SHOW RETENTION POLICIES

show_retention_policies = "SHOW RETENTION POLICIES" on_clause .

Example:

-- show all retention policies on a database
SHOW RETENTION POLICIES ON "mydb"

SHOW SERIES

show_series_stmt = "SHOW SERIES" [ from_clause ] [ where_clause ] [ limit_clause ] [ offset_clause ] .

Example:

SHOW SERIES FROM "telegraf"."autogen"."cpu" WHERE cpu = 'cpu8'

SHOW SHARD GROUPS

show_shard_groups_stmt = "SHOW SHARD GROUPS" .

Example:

SHOW SHARD GROUPS

SHOW SHARDS

show_shards_stmt = "SHOW SHARDS" .

Example:

SHOW SHARDS

SHOW SUBSCRIPTIONS

show_subscriptions_stmt = "SHOW SUBSCRIPTIONS" .

Example:

SHOW SUBSCRIPTIONS

SHOW TAG KEYS

show_tag_keys_stmt = "SHOW TAG KEYS" [ from_clause ] [ where_clause ] [ group_by_clause ]
                     [ limit_clause ] [ offset_clause ] .

Examples:

-- show all tag keys
SHOW TAG KEYS

-- show all tag keys from the cpu measurement
SHOW TAG KEYS FROM "cpu"

-- show all tag keys from the cpu measurement where the region key = 'uswest'
SHOW TAG KEYS FROM "cpu" WHERE "region" = 'uswest'

-- show all tag keys where the host key = 'serverA'
SHOW TAG KEYS WHERE "host" = 'serverA'

SHOW TAG VALUES

show_tag_values_stmt = "SHOW TAG VALUES" [ from_clause ] with_tag_clause [ where_clause ]
                       [ group_by_clause ] [ limit_clause ] [ offset_clause ] .

Examples:

-- show all tag values across all measurements for the region tag
SHOW TAG VALUES WITH KEY = "region"

-- show tag values from the cpu measurement for the region tag
SHOW TAG VALUES FROM "cpu" WITH KEY = "region"

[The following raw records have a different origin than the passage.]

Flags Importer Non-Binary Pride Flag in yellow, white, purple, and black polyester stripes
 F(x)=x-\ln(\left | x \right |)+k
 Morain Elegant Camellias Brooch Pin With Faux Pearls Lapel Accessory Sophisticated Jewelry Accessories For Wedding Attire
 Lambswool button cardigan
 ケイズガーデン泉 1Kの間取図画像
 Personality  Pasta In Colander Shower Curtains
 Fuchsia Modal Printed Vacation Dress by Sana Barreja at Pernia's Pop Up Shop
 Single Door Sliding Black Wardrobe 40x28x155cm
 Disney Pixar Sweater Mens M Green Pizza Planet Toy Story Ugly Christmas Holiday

-- show tag values across all measurements for all tag keys that do not include the letter c
SHOW TAG VALUES WITH KEY !~ /.*c.*/

-- show tag values from the cpu measurement for region & host tag keys where service = 'redis'
SHOW TAG VALUES FROM "cpu" WITH KEY IN ("region", "host") WHERE "service" = 'redis'

SHOW USERS

show_users_stmt = "SHOW USERS" .

Example:

-- show all users
SHOW USERS

REVOKE

revoke_stmt = "REVOKE" privilege [ on_clause ] "FROM" user_name .

Examples:

-- revoke admin privileges from jdoe
REVOKE ALL PRIVILEGES FROM "jdoe"

-- revoke read privileges from jdoe on mydb
REVOKE READ ON "mydb" FROM "jdoe"

SELECT

select_stmt = "SELECT" fields from_clause [ into_clause ] [ where_clause ]
              [ group_by_clause ] [ order_by_clause ] [ limit_clause ]
              [ offset_clause ] [ slimit_clause ] [ soffset_clause ]
              [ timezone_clause ] .

Examples:

-- select mean value from the cpu measurement where region = 'uswest' grouped by 10 minute intervals
SELECT mean("value") FROM "cpu" WHERE "region" = 'uswest' GROUP BY time(10m) fill(0)

-- select from all measurements beginning with cpu into the same measurement name in the cpu_1h retention policy
SELECT mean("value") INTO "cpu_1h".:MEASUREMENT FROM /cpu.*/

-- select from measurements grouped by the day with a timezone
SELECT mean("value") FROM "cpu" GROUP BY region, time(1d) fill(0) tz("America/Chicago")

Clauses

from_clause     = "FROM" measurements .

group_by_clause = "GROUP BY" dimensions fill(fill_option).

into_clause     = "INTO" ( measurement | back_ref ).

limit_clause    = "LIMIT" int_lit .

offset_clause   = "OFFSET" int_lit .

slimit_clause   = "SLIMIT" int_lit .

soffset_clause  = "SOFFSET" int_lit .

timezone_clause = tz(string_lit) .

on_clause       = "ON" db_name .

order_by_clause = "ORDER BY" sort_fields .

to_clause       = "TO" user_name .

where_clause    = "WHERE" expr .

with_measurement_clause = "WITH MEASUREMENT" ( "=" measurement | "=~" regex_lit ) .

with_tag_clause = "WITH KEY" ( "=" tag_key | "!=" tag_key | "=~" regex_lit | "IN (" tag_keys ")"  ) .

Expressions

binary_op        = "+" | "-" | "*" | "/" | "%" | "&" | "|" | "^" | "AND" |
                   "OR" | "=" | "!=" | "<>" | "<" | "<=" | ">" | ">=" .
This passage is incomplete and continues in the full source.